This is where mitochondria comes into the picture:
A cytochrome c is present in the inside membrane of mitochondria and helps to transform negatively charged electrons through its structure. This electron transfer from protein to protein allows mitochondria to generate fuel – but in mutant worms, there appears to be a gap when cytotomy should occur. Fuel cannot normally be done as efficiently as it would, dial the energy production of mitochondria and focuses on repairing damaged tissues.
As energy stores fall, a fuel detector enzyme called AMPK starts in high gear, helping to make energy metabolism more efficient. Ultimately, the complex chain of events creates these long-term jars whose cells remain healthy and mostly free from damage in the age.
"Proteins are damaged by age, and you see less damage to these paths," said Kapahi. In addition, research suggests that certain tissues, such as those in the muscles and in the brain, may grow healthier even if these paths remain, it added.
From worms to people
Overall, mutagenic worms focused on both protein and energy production in order to repair aging cells. Specifically, the lack of c cytometry in animal reproductive cells was critical to this process, the authors noted. The worms may add reproductive processes in a low-energy manner, they said.

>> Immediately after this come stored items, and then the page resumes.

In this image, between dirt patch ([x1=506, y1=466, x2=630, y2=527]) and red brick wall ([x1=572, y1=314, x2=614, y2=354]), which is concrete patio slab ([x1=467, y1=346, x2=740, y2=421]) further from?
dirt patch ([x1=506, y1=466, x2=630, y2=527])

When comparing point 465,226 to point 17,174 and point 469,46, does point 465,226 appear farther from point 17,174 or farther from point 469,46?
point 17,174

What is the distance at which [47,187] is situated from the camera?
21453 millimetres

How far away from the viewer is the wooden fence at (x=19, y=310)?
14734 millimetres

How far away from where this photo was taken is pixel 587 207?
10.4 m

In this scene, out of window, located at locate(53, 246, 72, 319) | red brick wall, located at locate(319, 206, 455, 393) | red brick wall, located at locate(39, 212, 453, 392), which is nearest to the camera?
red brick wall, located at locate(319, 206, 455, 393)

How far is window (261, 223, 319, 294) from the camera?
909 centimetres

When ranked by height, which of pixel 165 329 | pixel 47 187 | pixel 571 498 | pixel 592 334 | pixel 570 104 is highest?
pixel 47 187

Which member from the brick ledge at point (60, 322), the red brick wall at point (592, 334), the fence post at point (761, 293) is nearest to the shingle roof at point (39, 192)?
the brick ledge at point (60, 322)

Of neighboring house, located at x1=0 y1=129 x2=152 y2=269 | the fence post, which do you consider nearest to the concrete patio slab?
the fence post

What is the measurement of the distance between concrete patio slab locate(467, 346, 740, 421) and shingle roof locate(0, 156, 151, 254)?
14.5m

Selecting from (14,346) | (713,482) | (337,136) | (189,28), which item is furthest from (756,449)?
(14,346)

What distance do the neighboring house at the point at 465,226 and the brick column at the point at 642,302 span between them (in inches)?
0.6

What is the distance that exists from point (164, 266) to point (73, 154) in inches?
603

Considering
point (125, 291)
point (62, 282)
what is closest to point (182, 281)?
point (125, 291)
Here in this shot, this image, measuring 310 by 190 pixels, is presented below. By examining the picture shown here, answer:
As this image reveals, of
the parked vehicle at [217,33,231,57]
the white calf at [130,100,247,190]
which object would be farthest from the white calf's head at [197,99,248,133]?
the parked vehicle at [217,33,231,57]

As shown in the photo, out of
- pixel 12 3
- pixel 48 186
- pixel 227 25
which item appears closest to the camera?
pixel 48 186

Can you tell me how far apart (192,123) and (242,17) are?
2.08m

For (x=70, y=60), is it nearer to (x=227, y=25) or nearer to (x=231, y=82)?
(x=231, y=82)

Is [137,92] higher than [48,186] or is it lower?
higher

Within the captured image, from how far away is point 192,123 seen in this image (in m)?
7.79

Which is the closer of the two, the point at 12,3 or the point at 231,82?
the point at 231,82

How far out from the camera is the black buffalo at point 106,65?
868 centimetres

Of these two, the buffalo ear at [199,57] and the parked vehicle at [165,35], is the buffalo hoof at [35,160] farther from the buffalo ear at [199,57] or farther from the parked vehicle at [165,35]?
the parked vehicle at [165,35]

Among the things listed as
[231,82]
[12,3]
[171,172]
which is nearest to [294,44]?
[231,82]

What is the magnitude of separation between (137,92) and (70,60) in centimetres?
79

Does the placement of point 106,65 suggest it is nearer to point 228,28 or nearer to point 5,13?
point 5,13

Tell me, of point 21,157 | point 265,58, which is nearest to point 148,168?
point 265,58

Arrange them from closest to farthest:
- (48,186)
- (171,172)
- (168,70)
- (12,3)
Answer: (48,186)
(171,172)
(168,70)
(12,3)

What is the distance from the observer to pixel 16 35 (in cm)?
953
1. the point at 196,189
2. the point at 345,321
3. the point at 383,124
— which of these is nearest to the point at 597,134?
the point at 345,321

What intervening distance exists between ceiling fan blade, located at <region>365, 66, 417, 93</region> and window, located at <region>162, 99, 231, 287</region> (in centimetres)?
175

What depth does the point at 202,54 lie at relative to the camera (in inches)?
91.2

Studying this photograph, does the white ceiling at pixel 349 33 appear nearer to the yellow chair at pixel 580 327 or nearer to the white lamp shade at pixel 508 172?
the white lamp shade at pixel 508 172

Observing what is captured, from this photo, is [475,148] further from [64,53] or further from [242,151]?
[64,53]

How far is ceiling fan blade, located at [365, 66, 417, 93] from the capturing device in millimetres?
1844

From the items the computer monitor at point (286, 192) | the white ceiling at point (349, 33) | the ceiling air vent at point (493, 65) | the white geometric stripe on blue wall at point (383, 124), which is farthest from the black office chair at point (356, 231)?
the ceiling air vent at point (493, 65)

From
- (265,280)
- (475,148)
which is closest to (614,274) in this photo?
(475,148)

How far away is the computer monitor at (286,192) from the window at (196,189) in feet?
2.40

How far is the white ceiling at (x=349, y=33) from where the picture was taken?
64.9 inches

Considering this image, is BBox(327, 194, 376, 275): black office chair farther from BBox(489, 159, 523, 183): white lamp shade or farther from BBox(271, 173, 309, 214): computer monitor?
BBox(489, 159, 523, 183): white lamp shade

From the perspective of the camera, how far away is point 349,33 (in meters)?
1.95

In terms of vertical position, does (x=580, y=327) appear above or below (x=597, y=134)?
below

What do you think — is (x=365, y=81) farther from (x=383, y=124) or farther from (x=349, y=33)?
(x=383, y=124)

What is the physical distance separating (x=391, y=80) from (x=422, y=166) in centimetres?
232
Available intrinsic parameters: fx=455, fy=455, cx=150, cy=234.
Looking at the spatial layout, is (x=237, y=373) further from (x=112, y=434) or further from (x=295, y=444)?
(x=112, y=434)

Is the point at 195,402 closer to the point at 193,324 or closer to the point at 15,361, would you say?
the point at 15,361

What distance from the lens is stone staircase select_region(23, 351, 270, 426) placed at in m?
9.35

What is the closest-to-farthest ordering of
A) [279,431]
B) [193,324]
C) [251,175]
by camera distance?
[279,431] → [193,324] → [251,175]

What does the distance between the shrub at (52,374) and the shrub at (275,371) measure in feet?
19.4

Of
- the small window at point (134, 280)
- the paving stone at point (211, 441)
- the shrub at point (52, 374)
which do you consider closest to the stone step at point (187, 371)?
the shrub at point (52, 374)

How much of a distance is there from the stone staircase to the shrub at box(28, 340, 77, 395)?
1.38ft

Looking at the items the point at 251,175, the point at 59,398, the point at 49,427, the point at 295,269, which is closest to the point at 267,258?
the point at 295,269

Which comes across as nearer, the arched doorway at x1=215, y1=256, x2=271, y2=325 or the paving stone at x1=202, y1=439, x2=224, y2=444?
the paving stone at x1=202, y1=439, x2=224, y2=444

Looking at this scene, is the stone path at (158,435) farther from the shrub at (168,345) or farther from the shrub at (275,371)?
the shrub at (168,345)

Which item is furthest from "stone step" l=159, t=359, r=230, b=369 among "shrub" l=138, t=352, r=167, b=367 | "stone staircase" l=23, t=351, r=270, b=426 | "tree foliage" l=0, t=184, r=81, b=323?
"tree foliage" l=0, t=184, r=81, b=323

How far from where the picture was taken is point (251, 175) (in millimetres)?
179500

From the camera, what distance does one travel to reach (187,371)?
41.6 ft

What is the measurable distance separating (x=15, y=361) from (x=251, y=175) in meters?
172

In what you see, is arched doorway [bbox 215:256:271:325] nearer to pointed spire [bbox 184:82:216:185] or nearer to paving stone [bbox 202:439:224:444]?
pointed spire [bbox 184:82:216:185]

Organisms respond the same when they are pressed into the hunger mode – without adequate nutrition, cellular signs tell the body to take 'free time' from preparation to produce an extract, said Kapahi. This idea is also supported by the 1990s study of old round worms; In this study, mutant worms lived twice as normal as worms, but they also produced about 20% less offspring.
Far from being a passive process, it seems that there is an unhappy break of biological ways that are working together to combat metabolism, build protein and their potential. reproduction. While people have similar paths, scientists do not yet know if aging works in the same way in both organisms, Kapahi said. If there is anything there may be more complex aging in people.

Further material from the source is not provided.